» WORK INSTRUCTION: Please return each line of the listing exactly as given.

» GIVEN ENTRIES:

----

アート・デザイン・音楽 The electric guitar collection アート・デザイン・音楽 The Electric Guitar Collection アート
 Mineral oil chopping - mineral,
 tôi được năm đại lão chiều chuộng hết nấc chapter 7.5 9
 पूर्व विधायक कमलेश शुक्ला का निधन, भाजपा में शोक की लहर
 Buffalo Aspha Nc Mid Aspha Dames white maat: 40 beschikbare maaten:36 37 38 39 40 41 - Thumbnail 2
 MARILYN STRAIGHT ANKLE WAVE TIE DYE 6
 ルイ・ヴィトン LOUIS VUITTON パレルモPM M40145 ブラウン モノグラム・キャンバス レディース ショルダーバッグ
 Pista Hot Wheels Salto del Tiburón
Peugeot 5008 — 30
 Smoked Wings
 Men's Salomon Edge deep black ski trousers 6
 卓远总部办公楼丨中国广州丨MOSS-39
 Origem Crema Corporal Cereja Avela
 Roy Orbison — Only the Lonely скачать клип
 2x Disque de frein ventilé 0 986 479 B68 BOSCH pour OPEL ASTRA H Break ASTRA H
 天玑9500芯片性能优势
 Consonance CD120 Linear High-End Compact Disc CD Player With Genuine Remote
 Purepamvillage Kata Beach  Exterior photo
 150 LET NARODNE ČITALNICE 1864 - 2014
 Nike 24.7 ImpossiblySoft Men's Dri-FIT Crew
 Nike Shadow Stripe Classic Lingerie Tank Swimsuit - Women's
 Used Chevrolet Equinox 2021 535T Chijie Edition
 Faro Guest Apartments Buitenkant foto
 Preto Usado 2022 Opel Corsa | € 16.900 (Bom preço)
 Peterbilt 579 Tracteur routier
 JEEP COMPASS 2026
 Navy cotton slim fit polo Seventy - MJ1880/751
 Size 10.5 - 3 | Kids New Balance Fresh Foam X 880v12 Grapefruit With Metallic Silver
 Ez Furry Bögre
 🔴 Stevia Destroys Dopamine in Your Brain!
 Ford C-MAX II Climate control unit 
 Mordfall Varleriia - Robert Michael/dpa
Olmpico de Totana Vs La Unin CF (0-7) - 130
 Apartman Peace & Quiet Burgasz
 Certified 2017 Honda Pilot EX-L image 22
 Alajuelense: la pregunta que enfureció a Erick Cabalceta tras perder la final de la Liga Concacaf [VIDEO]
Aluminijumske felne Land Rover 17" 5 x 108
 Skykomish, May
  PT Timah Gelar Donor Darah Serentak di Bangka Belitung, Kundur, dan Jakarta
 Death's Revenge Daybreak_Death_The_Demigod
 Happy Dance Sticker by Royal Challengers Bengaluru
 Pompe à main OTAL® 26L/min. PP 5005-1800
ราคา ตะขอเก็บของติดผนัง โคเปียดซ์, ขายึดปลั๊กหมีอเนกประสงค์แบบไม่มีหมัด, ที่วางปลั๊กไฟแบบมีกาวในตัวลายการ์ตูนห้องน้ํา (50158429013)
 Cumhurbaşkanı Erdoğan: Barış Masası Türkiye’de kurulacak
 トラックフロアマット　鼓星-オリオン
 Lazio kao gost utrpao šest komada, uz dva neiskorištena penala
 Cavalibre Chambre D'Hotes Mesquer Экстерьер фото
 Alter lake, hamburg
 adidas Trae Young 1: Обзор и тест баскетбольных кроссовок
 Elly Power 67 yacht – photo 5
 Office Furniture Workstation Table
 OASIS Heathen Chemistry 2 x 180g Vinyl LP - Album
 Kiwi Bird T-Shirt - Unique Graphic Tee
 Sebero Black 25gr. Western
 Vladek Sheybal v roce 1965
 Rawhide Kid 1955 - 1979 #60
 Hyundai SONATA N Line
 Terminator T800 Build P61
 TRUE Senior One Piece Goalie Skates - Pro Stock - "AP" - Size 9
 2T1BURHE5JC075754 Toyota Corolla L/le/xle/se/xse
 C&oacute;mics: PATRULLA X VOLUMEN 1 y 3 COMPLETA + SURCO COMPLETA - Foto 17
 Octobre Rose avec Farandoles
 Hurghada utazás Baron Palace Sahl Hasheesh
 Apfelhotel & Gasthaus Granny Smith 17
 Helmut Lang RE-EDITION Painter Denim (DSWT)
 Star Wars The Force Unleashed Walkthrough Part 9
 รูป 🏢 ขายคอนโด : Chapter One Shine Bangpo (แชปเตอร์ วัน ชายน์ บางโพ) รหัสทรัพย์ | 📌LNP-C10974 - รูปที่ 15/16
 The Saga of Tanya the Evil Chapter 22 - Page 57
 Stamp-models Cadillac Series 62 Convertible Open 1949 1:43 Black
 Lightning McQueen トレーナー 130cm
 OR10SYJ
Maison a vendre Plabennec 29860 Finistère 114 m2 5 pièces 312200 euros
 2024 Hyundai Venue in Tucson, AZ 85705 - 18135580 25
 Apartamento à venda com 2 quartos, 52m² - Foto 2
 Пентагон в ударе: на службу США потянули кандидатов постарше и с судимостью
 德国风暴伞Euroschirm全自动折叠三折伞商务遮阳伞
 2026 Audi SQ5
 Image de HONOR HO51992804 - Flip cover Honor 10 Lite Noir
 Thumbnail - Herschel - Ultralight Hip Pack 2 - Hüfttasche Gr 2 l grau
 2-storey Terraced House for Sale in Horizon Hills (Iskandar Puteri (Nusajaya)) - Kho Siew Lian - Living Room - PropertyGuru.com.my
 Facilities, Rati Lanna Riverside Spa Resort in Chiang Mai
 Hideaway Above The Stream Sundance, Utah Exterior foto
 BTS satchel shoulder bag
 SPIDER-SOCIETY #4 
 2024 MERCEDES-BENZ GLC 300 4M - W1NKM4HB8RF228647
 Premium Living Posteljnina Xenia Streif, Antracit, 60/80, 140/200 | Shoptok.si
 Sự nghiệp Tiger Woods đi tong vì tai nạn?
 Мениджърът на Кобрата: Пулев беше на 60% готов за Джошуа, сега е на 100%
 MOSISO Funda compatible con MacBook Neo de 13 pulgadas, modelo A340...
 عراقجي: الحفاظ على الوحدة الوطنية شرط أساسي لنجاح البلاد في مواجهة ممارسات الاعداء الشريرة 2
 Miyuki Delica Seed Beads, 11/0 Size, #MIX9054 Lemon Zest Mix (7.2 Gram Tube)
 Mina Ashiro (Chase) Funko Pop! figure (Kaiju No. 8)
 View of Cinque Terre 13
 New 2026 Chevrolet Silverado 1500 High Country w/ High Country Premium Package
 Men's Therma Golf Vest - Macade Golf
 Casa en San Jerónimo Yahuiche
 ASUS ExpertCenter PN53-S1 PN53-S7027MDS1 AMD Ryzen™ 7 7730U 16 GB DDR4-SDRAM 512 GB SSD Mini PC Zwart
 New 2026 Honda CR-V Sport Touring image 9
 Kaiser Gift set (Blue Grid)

----

» WORKED SOLUTION:
アート・デザイン・音楽 The electric guitar collection アート・デザイン・音楽 The Electric Guitar Collection アート
 Mineral oil chopping - mineral,
 tôi được năm đại lão chiều chuộng hết nấc chapter 7.5 9
 पूर्व विधायक कमलेश शुक्ला का निधन, भाजपा में शोक की लहर
 Buffalo Aspha Nc Mid Aspha Dames white maat: 40 beschikbare maaten:36 37 38 39 40 41 - Thumbnail 2
 MARILYN STRAIGHT ANKLE WAVE TIE DYE 6
 ルイ・ヴィトン LOUIS VUITTON パレルモPM M40145 ブラウン モノグラム・キャンバス レディース ショルダーバッグ
 Pista Hot Wheels Salto del Tiburón
Peugeot 5008 — 30
 Smoked Wings
 Men's Salomon Edge deep black ski trousers 6
 卓远总部办公楼丨中国广州丨MOSS-39
 Origem Crema Corporal Cereja Avela
 Roy Orbison — Only the Lonely скачать клип
 2x Disque de frein ventilé 0 986 479 B68 BOSCH pour OPEL ASTRA H Break ASTRA H
 天玑9500芯片性能优势
 Consonance CD120 Linear High-End Compact Disc CD Player With Genuine Remote
 Purepamvillage Kata Beach  Exterior photo
 150 LET NARODNE ČITALNICE 1864 - 2014
 Nike 24.7 ImpossiblySoft Men's Dri-FIT Crew
 Nike Shadow Stripe Classic Lingerie Tank Swimsuit - Women's
 Used Chevrolet Equinox 2021 535T Chijie Edition
 Faro Guest Apartments Buitenkant foto
 Preto Usado 2022 Opel Corsa | € 16.900 (Bom preço)
 Peterbilt 579 Tracteur routier
 JEEP COMPASS 2026
 Navy cotton slim fit polo Seventy - MJ1880/751
 Size 10.5 - 3 | Kids New Balance Fresh Foam X 880v12 Grapefruit With Metallic Silver
 Ez Furry Bögre
 🔴 Stevia Destroys Dopamine in Your Brain!
 Ford C-MAX II Climate control unit 
 Mordfall Varleriia - Robert Michael/dpa
Olmpico de Totana Vs La Unin CF (0-7) - 130
 Apartman Peace & Quiet Burgasz
 Certified 2017 Honda Pilot EX-L image 22
 Alajuelense: la pregunta que enfureció a Erick Cabalceta tras perder la final de la Liga Concacaf [VIDEO]
Aluminijumske felne Land Rover 17" 5 x 108
 Skykomish, May
  PT Timah Gelar Donor Darah Serentak di Bangka Belitung, Kundur, dan Jakarta
 Death's Revenge Daybreak_Death_The_Demigod
 Happy Dance Sticker by Royal Challengers Bengaluru
 Pompe à main OTAL® 26L/min. PP 5005-1800
ราคา ตะขอเก็บของติดผนัง โคเปียดซ์, ขายึดปลั๊กหมีอเนกประสงค์แบบไม่มีหมัด, ที่วางปลั๊กไฟแบบมีกาวในตัวลายการ์ตูนห้องน้ํา (50158429013)
 Cumhurbaşkanı Erdoğan: Barış Masası Türkiye’de kurulacak
 トラックフロアマット　鼓星-オリオン
 Lazio kao gost utrpao šest komada, uz dva neiskorištena penala
 Cavalibre Chambre D'Hotes Mesquer Экстерьер фото
 Alter lake, hamburg
 adidas Trae Young 1: Обзор и тест баскетбольных кроссовок
 Elly Power 67 yacht – photo 5
 Office Furniture Workstation Table
 OASIS Heathen Chemistry 2 x 180g Vinyl LP - Album
 Kiwi Bird T-Shirt - Unique Graphic Tee
 Sebero Black 25gr. Western
 Vladek Sheybal v roce 1965
 Rawhide Kid 1955 - 1979 #60
 Hyundai SONATA N Line
 Terminator T800 Build P61
 TRUE Senior One Piece Goalie Skates - Pro Stock - "AP" - Size 9
 2T1BURHE5JC075754 Toyota Corolla L/le/xle/se/xse
 C&oacute;mics: PATRULLA X VOLUMEN 1 y 3 COMPLETA + SURCO COMPLETA - Foto 17
 Octobre Rose avec Farandoles
 Hurghada utazás Baron Palace Sahl Hasheesh
 Apfelhotel & Gasthaus Granny Smith 17
 Helmut Lang RE-EDITION Painter Denim (DSWT)
 Star Wars The Force Unleashed Walkthrough Part 9
 รูป 🏢 ขายคอนโด : Chapter One Shine Bangpo (แชปเตอร์ วัน ชายน์ บางโพ) รหัสทรัพย์ | 📌LNP-C10974 - รูปที่ 15/16
 The Saga of Tanya the Evil Chapter 22 - Page 57
 Stamp-models Cadillac Series 62 Convertible Open 1949 1:43 Black
 Lightning McQueen トレーナー 130cm
 OR10SYJ
Maison a vendre Plabennec 29860 Finistère 114 m2 5 pièces 312200 euros
 2024 Hyundai Venue in Tucson, AZ 85705 - 18135580 25
 Apartamento à venda com 2 quartos, 52m² - Foto 2
 Пентагон в ударе: на службу США потянули кандидатов постарше и с судимостью
 德国风暴伞Euroschirm全自动折叠三折伞商务遮阳伞
 2026 Audi SQ5
 Image de HONOR HO51992804 - Flip cover Honor 10 Lite Noir
 Thumbnail - Herschel - Ultralight Hip Pack 2 - Hüfttasche Gr 2 l grau
 2-storey Terraced House for Sale in Horizon Hills (Iskandar Puteri (Nusajaya)) - Kho Siew Lian - Living Room - PropertyGuru.com.my
 Facilities, Rati Lanna Riverside Spa Resort in Chiang Mai
 Hideaway Above The Stream Sundance, Utah Exterior foto
 BTS satchel shoulder bag
 SPIDER-SOCIETY #4 
 2024 MERCEDES-BENZ GLC 300 4M - W1NKM4HB8RF228647
 Premium Living Posteljnina Xenia Streif, Antracit, 60/80, 140/200 | Shoptok.si
 Sự nghiệp Tiger Woods đi tong vì tai nạn?
 Мениджърът на Кобрата: Пулев беше на 60% готов за Джошуа, сега е на 100%
 MOSISO Funda compatible con MacBook Neo de 13 pulgadas, modelo A340...
 عراقجي: الحفاظ على الوحدة الوطنية شرط أساسي لنجاح البلاد في مواجهة ممارسات الاعداء الشريرة 2
 Miyuki Delica Seed Beads, 11/0 Size, #MIX9054 Lemon Zest Mix (7.2 Gram Tube)
 Mina Ashiro (Chase) Funko Pop! figure (Kaiju No. 8)
 View of Cinque Terre 13
 New 2026 Chevrolet Silverado 1500 High Country w/ High Country Premium Package
 Men's Therma Golf Vest - Macade Golf
 Casa en San Jerónimo Yahuiche
 ASUS ExpertCenter PN53-S1 PN53-S7027MDS1 AMD Ryzen™ 7 7730U 16 GB DDR4-SDRAM 512 GB SSD Mini PC Zwart
 New 2026 Honda CR-V Sport Touring image 9
 Kaiser Gift set (Blue Grid)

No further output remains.